• **PROBLEM STATEMENT**
Nothing other than the lines from the one containing "кокаин Абаза" through the close of the entries below should be printed, each exactly.

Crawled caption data
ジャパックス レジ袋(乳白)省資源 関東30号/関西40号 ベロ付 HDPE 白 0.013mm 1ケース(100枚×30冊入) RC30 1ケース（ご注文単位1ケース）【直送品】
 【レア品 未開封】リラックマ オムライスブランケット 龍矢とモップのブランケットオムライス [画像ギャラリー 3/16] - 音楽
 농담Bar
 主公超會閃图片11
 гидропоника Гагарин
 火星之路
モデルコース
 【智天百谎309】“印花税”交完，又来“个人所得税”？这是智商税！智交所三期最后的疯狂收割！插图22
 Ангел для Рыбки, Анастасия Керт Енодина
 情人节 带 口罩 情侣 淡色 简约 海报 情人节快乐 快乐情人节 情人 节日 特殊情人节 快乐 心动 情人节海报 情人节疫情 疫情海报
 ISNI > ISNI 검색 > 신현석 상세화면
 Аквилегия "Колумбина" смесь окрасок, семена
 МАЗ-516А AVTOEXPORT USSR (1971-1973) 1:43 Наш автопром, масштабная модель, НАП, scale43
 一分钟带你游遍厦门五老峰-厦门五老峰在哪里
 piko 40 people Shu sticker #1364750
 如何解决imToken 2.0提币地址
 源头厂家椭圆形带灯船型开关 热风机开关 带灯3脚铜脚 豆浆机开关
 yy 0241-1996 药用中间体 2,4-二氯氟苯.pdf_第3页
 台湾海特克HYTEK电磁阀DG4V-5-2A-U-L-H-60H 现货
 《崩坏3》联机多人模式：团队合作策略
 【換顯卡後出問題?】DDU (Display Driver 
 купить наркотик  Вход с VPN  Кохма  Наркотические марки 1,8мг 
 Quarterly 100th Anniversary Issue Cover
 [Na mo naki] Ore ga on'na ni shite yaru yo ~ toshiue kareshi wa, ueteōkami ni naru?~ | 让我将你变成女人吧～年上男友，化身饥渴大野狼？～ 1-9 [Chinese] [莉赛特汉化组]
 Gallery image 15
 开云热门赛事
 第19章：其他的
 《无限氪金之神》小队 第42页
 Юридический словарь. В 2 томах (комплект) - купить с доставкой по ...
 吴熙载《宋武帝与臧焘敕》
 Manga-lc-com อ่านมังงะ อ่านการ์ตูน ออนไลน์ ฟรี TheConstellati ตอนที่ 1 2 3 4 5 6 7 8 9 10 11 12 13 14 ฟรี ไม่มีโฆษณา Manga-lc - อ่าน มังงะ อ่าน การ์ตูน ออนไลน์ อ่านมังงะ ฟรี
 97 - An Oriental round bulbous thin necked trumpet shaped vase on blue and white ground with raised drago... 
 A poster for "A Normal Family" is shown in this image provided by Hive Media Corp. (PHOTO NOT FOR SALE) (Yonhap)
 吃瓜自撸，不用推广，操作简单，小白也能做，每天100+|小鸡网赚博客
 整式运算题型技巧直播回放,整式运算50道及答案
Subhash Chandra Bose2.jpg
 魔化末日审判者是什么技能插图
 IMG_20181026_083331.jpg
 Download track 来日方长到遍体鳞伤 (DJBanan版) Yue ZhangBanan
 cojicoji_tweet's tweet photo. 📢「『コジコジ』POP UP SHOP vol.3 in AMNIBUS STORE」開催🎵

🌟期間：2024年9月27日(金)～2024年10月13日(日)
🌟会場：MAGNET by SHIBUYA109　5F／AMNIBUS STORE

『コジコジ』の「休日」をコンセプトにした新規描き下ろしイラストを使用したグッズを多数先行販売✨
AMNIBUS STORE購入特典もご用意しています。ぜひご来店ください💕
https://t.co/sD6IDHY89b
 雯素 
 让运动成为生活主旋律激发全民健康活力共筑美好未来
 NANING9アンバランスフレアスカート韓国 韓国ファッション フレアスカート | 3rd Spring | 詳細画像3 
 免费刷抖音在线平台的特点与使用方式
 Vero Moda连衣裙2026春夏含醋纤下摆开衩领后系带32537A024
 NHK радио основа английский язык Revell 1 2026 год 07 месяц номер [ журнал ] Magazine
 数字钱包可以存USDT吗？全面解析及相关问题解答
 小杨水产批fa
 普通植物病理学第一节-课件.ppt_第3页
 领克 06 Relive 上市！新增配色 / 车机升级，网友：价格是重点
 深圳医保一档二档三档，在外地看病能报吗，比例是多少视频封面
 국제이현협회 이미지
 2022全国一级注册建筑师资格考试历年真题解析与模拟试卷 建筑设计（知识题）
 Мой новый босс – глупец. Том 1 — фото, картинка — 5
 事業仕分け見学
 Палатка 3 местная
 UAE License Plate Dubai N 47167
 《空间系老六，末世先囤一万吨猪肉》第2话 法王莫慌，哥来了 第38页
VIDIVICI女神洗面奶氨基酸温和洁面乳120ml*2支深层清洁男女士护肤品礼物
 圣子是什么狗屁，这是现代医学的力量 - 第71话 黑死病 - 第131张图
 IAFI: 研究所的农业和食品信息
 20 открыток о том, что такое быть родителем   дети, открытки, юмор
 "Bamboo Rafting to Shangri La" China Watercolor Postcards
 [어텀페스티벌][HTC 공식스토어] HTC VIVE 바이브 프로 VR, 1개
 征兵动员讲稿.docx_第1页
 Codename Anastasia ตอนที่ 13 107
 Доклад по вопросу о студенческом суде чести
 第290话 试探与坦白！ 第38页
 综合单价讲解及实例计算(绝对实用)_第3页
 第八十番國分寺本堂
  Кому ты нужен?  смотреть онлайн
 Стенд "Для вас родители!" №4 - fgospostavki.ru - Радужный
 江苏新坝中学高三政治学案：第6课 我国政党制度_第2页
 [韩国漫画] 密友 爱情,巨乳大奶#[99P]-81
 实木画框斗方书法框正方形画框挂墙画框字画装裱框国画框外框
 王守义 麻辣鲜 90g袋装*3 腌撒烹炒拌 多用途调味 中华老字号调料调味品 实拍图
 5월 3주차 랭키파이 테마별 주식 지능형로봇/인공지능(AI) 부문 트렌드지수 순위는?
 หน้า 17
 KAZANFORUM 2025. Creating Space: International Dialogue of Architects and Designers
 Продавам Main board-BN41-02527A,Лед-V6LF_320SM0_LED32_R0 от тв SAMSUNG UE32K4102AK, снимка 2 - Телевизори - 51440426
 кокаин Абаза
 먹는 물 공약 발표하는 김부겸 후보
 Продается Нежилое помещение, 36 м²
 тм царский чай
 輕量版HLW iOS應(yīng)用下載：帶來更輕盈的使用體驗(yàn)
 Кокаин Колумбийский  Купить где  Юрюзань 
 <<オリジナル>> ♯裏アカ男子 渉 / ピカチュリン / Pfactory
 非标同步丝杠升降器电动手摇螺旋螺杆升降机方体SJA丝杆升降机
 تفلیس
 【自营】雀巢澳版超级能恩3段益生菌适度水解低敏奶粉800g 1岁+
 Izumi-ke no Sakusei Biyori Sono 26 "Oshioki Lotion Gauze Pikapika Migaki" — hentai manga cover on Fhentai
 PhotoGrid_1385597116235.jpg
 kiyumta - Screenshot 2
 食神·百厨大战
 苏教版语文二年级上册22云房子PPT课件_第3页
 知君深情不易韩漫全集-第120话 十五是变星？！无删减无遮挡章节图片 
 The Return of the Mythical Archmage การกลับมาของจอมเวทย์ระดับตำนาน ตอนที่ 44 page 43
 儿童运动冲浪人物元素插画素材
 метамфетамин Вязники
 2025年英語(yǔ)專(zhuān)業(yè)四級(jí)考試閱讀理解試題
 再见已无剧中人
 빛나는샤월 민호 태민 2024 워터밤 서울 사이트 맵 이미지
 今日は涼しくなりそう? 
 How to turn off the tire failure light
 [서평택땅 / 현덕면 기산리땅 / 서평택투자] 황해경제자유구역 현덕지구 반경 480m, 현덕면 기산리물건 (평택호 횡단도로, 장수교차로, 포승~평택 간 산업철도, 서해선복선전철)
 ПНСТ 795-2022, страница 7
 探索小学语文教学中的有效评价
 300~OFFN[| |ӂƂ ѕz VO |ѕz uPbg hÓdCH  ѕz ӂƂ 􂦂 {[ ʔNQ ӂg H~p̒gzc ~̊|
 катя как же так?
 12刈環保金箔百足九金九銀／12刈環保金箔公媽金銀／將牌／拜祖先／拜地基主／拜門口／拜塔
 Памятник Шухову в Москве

• **OUTPUT BELOW**
 кокаин Абаза
 먹는 물 공약 발표하는 김부겸 후보
 Продается Нежилое помещение, 36 м²
 тм царский чай
 輕量版HLW iOS應(yīng)用下載：帶來更輕盈的使用體驗(yàn)
 Кокаин Колумбийский  Купить где  Юрюзань 
 <<オリジナル>> ♯裏アカ男子 渉 / ピカチュリン / Pfactory
 非标同步丝杠升降器电动手摇螺旋螺杆升降机方体SJA丝杆升降机
 تفلیس
 【自营】雀巢澳版超级能恩3段益生菌适度水解低敏奶粉800g 1岁+
 Izumi-ke no Sakusei Biyori Sono 26 "Oshioki Lotion Gauze Pikapika Migaki" — hentai manga cover on Fhentai
 PhotoGrid_1385597116235.jpg
 kiyumta - Screenshot 2
 食神·百厨大战
 苏教版语文二年级上册22云房子PPT课件_第3页
 知君深情不易韩漫全集-第120话 十五是变星？！无删减无遮挡章节图片 
 The Return of the Mythical Archmage การกลับมาของจอมเวทย์ระดับตำนาน ตอนที่ 44 page 43
 儿童运动冲浪人物元素插画素材
 метамфетамин Вязники
 2025年英語(yǔ)專(zhuān)業(yè)四級(jí)考試閱讀理解試題
 再见已无剧中人
 빛나는샤월 민호 태민 2024 워터밤 서울 사이트 맵 이미지
 今日は涼しくなりそう? 
 How to turn off the tire failure light
 [서평택땅 / 현덕면 기산리땅 / 서평택투자] 황해경제자유구역 현덕지구 반경 480m, 현덕면 기산리물건 (평택호 횡단도로, 장수교차로, 포승~평택 간 산업철도, 서해선복선전철)
 ПНСТ 795-2022, страница 7
 探索小学语文教学中的有效评价
 300~OFFN[| |ӂƂ ѕz VO |ѕz uPbg hÓdCH  ѕz ӂƂ 􂦂 {[ ʔNQ ӂg H~p̒gzc ~̊|
 катя как же так?
 12刈環保金箔百足九金九銀／12刈環保金箔公媽金銀／將牌／拜祖先／拜地基主／拜門口／拜塔
 Памятник Шухову в Москве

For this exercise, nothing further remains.